THE MASKING OF A MILITANT: A special report.; A Soldier's Shadowy Trail In U.S. and in the Mideast


In mid-1984, a former Egyptian Army officer with an engaging manner and a gift for languages approached the Central Intelligence Agency in Egypt with what seemed an intriguing offer: He volunteered to be a spy.

The agency tried him out, but the Egyptian flunked. He had made contact in Germany with a branch of Hezbollah, the Middle Eastern terrorist group, and told its members that he was working with the C.I.A., a betrayal the agency quickly discovered.

Soon after, C.I.A. officials branded him untrustworthy and cut off further dealings with him, suspecting that he wanted to help the terrorists spy on Americans, United States officials said.
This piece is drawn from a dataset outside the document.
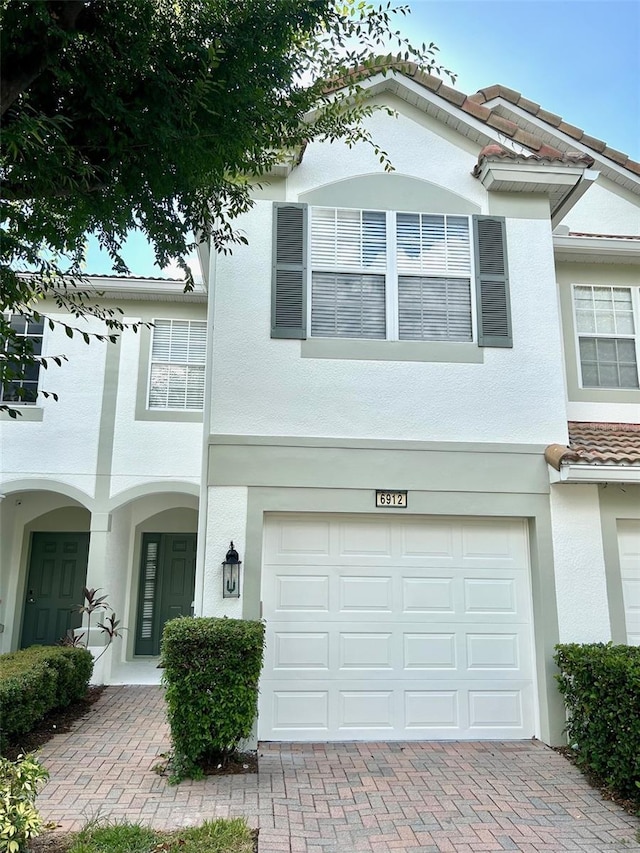 6912 Hochad Dr, Orlando, FL 32819 - multi unit property with stucco siding, a garage, decorative driveway, and a tiled roof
The agency discovered the next year that the former officer, Ali A. Mohamed, was trying to enter the United States, and it put his name on a State Department "watch list" intended to prevent terrorists and other security threats from getting visas, an American official said.

When Mr. Mohamed evaded this precaution and persuaded an American Embassy official to give him a visa, the C.I.A. issued a second warning to other Federal agencies that a suspect character might be traveling to the United States.

The warnings were not heeded. Mr. Mohamed emigrated to the United States and in the next decade cultivated a range of useful relationships with the American Government. He enlisted in the American Army and served with one of its most elite units. Then, in the early 1990's, he became a cooperating witness for the Federal Bureau of Investigation.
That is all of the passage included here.